Batle had a wealth of experience in software engineering—25 years to be exact—and a bachelor’s degree in the field. But as he launched Rextie and began to scale his company, he quickly realized that serving as its co-founder and CEO required something more. “You need those business skills,” he said.
Initially, Batle set about learning the business side of things by doing. Eventually, however, he realized that earning a more formal education would be better in the long run. “Sometimes, as you scale, you need something more to take it to the next level,” he said.
Batle decided to pursue an online Master of Business Administration (iMBA) with the well-regarded University of Illinois’ Gies College of Business. He was less concerned about the degree as a credential, and more interested in the practical ways it would impact his business. “My goal was not to get the degree to have the paper on the wall,” he explained. “It was more about getting the knowledge and experience to have the tools to scale my business.”
For years, Batle had thought about earning his MBA, but between work, marriage, and his other responsibilities, it felt hard to find the time. “I had wanted to do this, but I didn’t have time to do it or it wasn’t a priority,” he said.
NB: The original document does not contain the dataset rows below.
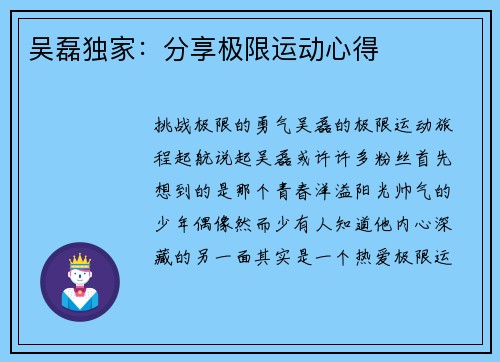 吴磊独家：分享极限运动心得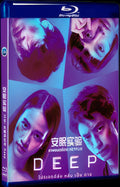Deep (2021) Movie 1-Disc Box Set for Gift Collection Blu-ray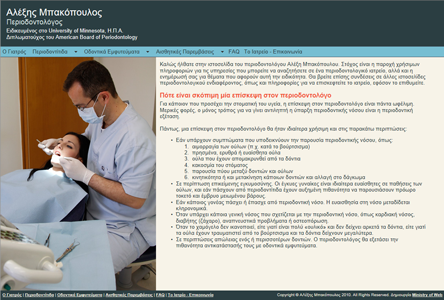 Αλέξης Μπακόπουλος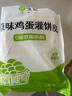 悅味紀(jì) 原味雞蛋灌餅皮1.8kg 20張  手抓餅卷餅 早餐半成品 速食 曬單實(shí)拍圖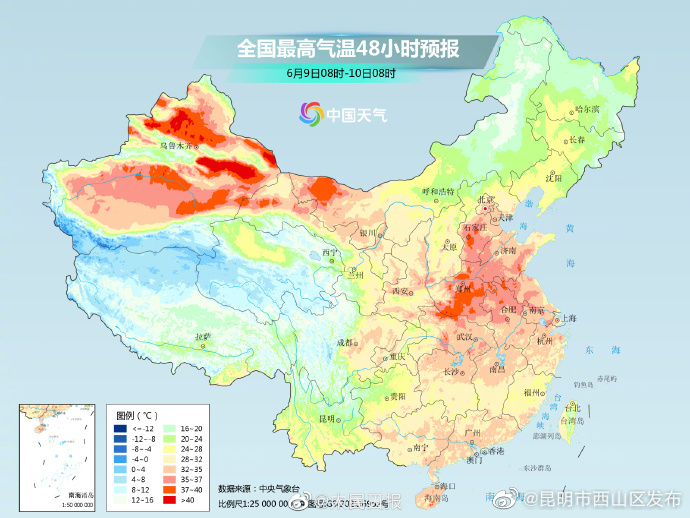 昆明市西山区发布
Once he was ready to get going, though, he didn’t want anything to hold him back. “I wanted to get the learnings I needed as soon as possible,” he said.
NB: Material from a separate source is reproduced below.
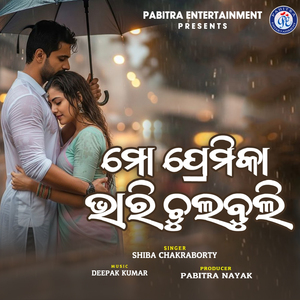 Mo Premika Bhari Chulbuli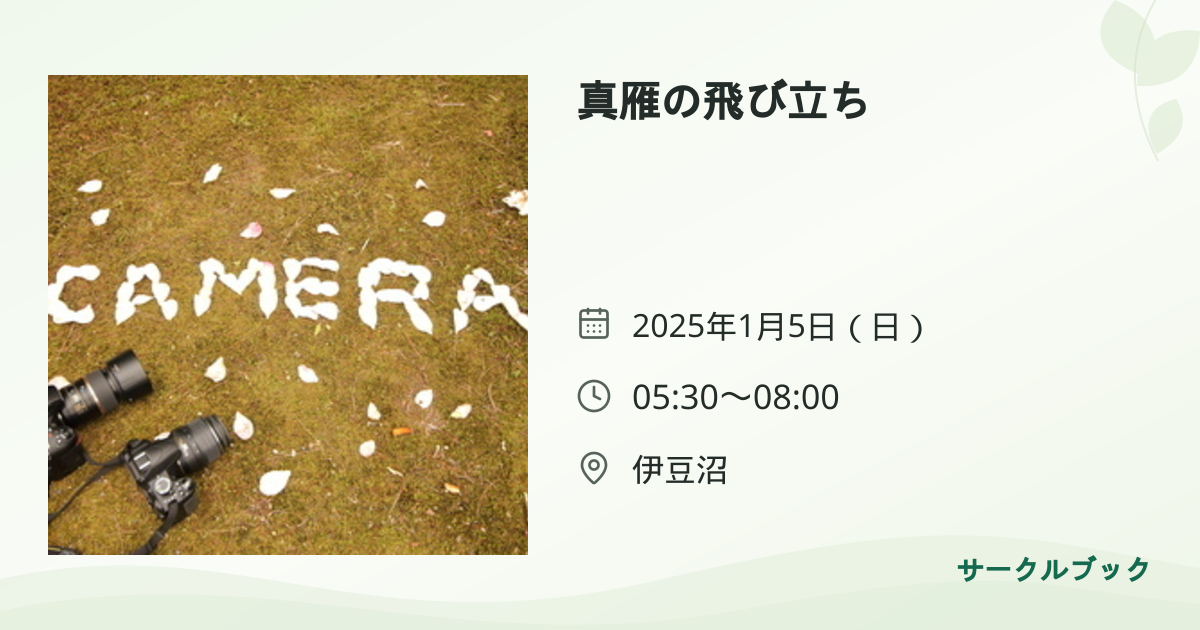 共有されるイベント画像のプレビュー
It helped that Gies’ application process cut out a lot of bureaucracy. “It didn’t require the GMAT,” he said, referencing the standard graduate business entrance exam, which can often take significant time to prepare for and take. However, since Batle is not a native English speaker, he did have to provide a certification that he could comprehend the language. “It was very easy to do through Duolingo. It made it easier to check that box.”
Then there was the program itself, which offered greater flexibility for working professionals and the opportunity to build a program that works best for each student’s unique needs. “That’s something they have done very well,” Batle said. “You can choose to do one or two courses in a term, and the curriculum is possible to customize. I could adapt it to the things I consider more helpful for my business. I chose business analytics and digital marketing.”
As an online program, the iMBA also offers immersion opportunities to round out students’ education. “Being an online degree, sometimes you need to do more face-to-face interaction with people,” Batle said. “A group of about 40 iMBA students met in Brazil last August to do a real case on a real company. It was an amazing experience, especially the social part. The group was exceptional. I really enjoyed that.” That immersion opportunity also fulfilled one of the program’s two specialization capstone requirements.
If it sounds daunting to run your own business and go to graduate school, Batle has figured out how to balance those competing needs. For instance, it’s crucial to stay organized. He recommends setting aside at least ten hours a week for coursework. “Prioritize accordingly so you have that time,” he advised. “Plan a week in advance because sometimes you have different levels of work or assignments to do.”
Batle is set to graduate in June 2024, but he’s already seeing his education pay off. “It has so far contributed to the scaling and the growth of Rextie,” he said. “We recently got an investment from a very big bank in the US. Being a start-up in Peru, which is not a country normally known for investments. It has been worth the effort.”